Tuesday, January 16th, 2018

Canadian Health Care System Needs a Dash of Consumer Incentive


Earlier this week the federal, provincial and territorial health ministers met in Newfoundland to discuss important issues facing the Canadian health care system. One of the issues receiving attention is the amount of salt Canadians are consuming in their diet.

Health Canada’s Sodium Working Group released a report in July 2010 titled Sodium Reduction Strategy for Canada – Recommendations of the Sodium Working Group. It calls for a reduction in the amount of salt in processed and restaurant foods available to Canadian consumers. The report recommends reducing the daily intake of salt in the Canadian diet from 3,400 mg to 2,300 mg (roughly a teaspoon) by 2016. The long-term reduction goal is 1500 mg per day. The group claims that reducing salt intake will reduce the occurrence of high blood pressure, one of the risks for developing heart disease and stroke. 

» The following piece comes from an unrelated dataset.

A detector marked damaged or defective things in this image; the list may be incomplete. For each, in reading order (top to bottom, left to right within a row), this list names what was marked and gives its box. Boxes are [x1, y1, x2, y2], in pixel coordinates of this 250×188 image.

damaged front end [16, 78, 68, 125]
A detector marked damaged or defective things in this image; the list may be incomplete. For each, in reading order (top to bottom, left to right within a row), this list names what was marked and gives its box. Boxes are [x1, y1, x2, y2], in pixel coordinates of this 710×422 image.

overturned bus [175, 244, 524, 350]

Salt is not all bad, in fact the body requires a certain amount of it to function properly. Reducing salt intake may work for a section of the population but other risk factors including obesity and a lack of physical activity can contribute to high blood pressure. The strategy for reducing the amount of salt in our diet raises some important questions for Canadians.

What types of chemicals will replace the role of salt in food texture, taste and preservation? What are some of the risks and long-term health effects associated with these chemicals? How does this impact the safety of food and consumers? Now that the federal government has developed a sodium reduction strategy will it also create a national sugar working group to develop a sugar reduction strategy?

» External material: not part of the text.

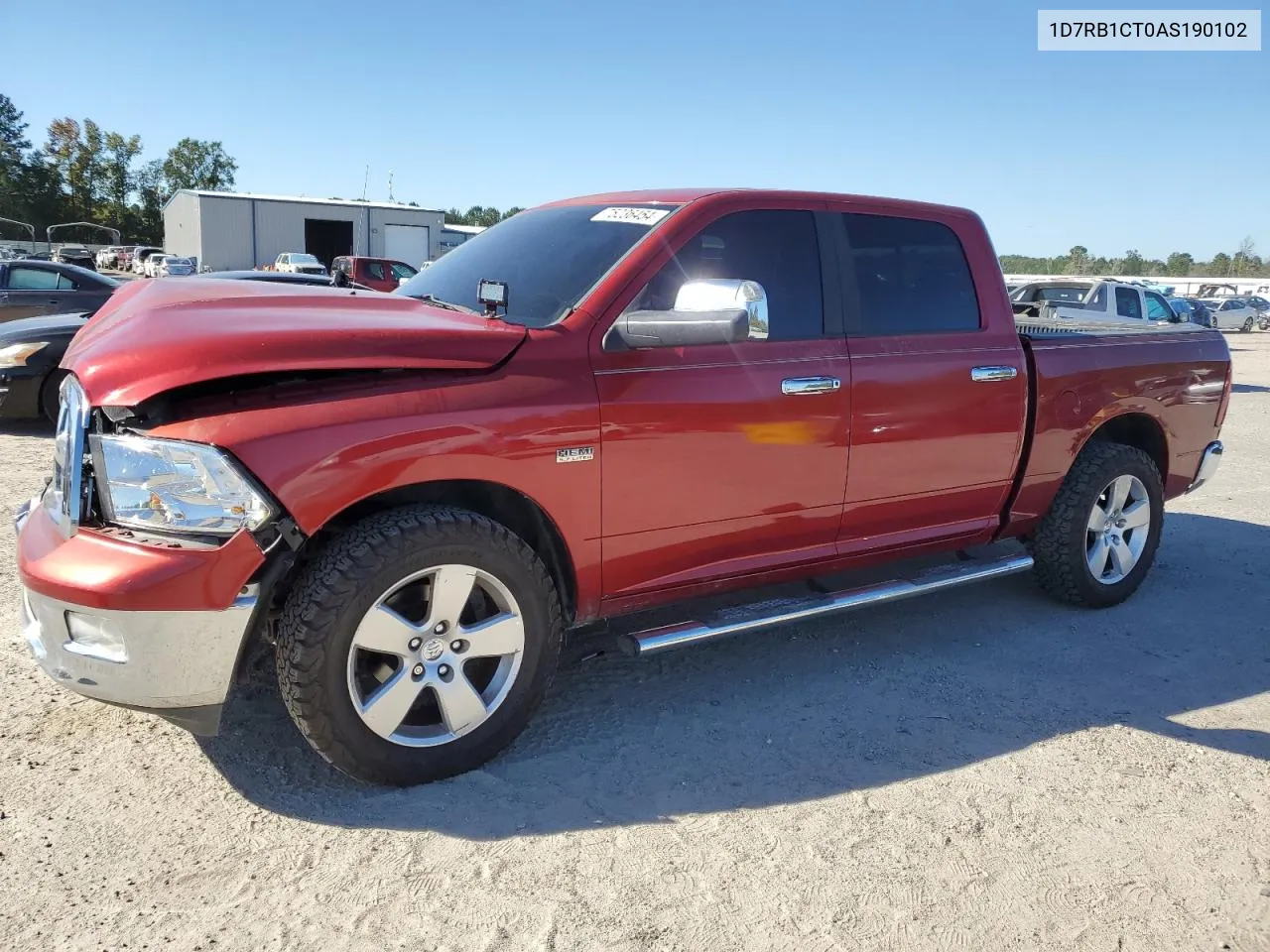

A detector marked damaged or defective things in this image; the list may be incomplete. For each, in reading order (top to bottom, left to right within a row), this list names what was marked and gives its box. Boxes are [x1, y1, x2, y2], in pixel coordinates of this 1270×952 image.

damaged hood [62, 278, 528, 407]
cracked headlight [89, 432, 278, 536]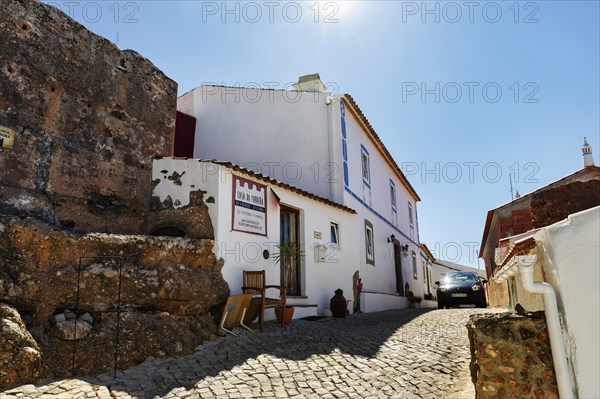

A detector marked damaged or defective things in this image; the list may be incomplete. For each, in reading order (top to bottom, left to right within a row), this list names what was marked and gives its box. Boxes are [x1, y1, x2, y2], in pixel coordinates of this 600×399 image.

rusty metal frame [72, 258, 123, 380]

Consumer demand drives the food market. If the goal of the federal government’s sodium reduction strategy is to improve disease prevention and save money in health care, then it should also consider adding a dash of consumer incentive to the Canadian health care system. Providing the public with data and information on the costs and quality of their health care could help Canadians make healthier choices.

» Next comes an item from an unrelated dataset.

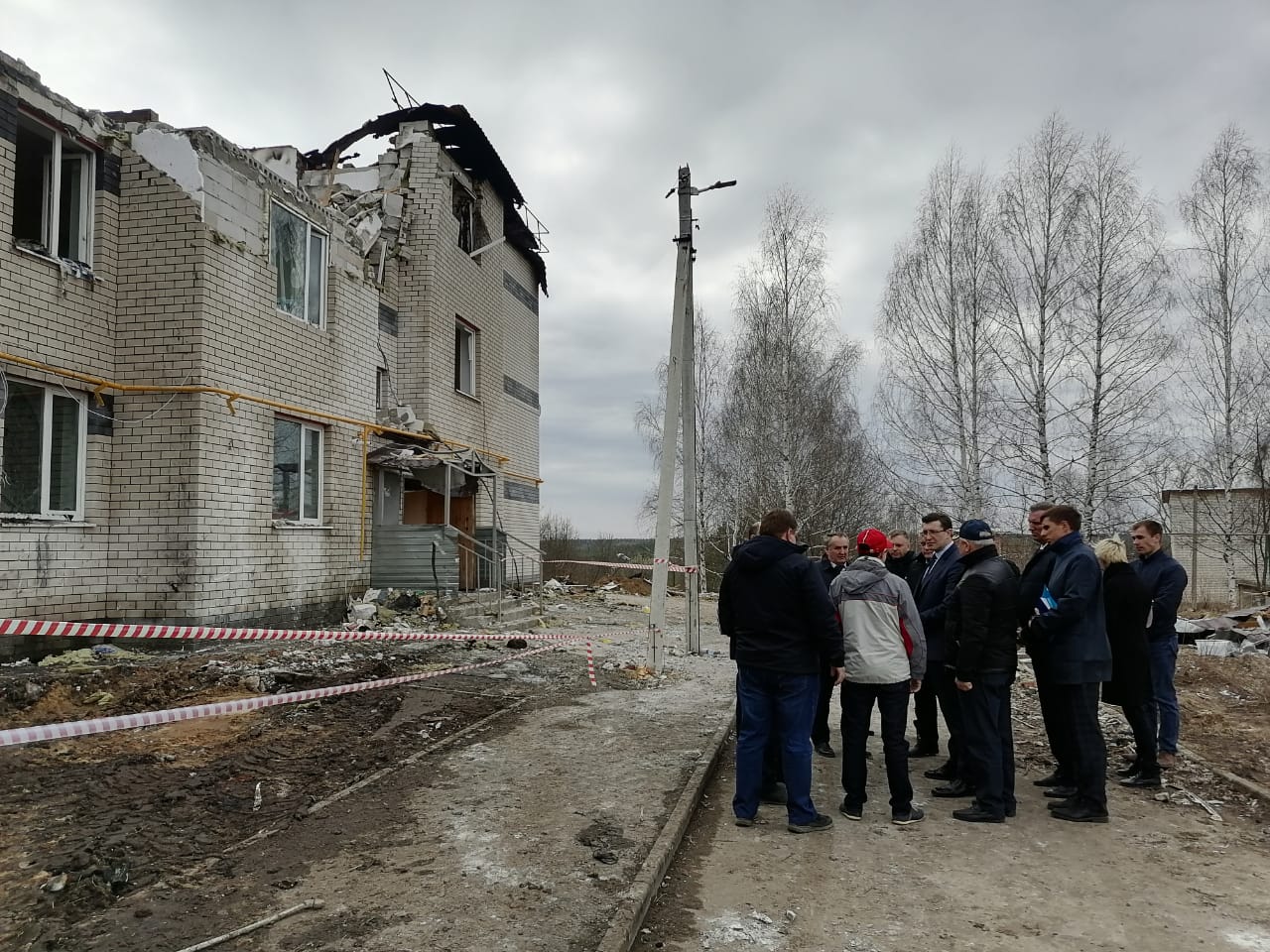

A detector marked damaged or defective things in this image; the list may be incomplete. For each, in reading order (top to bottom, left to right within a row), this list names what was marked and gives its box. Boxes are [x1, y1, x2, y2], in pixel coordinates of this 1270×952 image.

One Response to “Canadian Health Care System Needs a Dash of Consumer Incentive”
  1. justmeint says:

    With the world governments pushing a low salt diet strategy – ostensibly to reduce blood pressure, which THEY SAY will lead to lower risk of death from Heart Attacks, we need to ask to see their science that backs up their hypothesis that salt causes high blood pressure, which in and of itself, they tell us, leads to heart problems.

    However the following is up and available for all to read, and does not in any way, shape or form concur with what the government and health authorities are pushing onto us……

    So not only did the authors find that higher sodium intake was protective in all cause mortality, it was also associated with less death from cardiovascular disease, i.e. the very disease which salt restriction is supposed to prevent through its effect on blood pressure.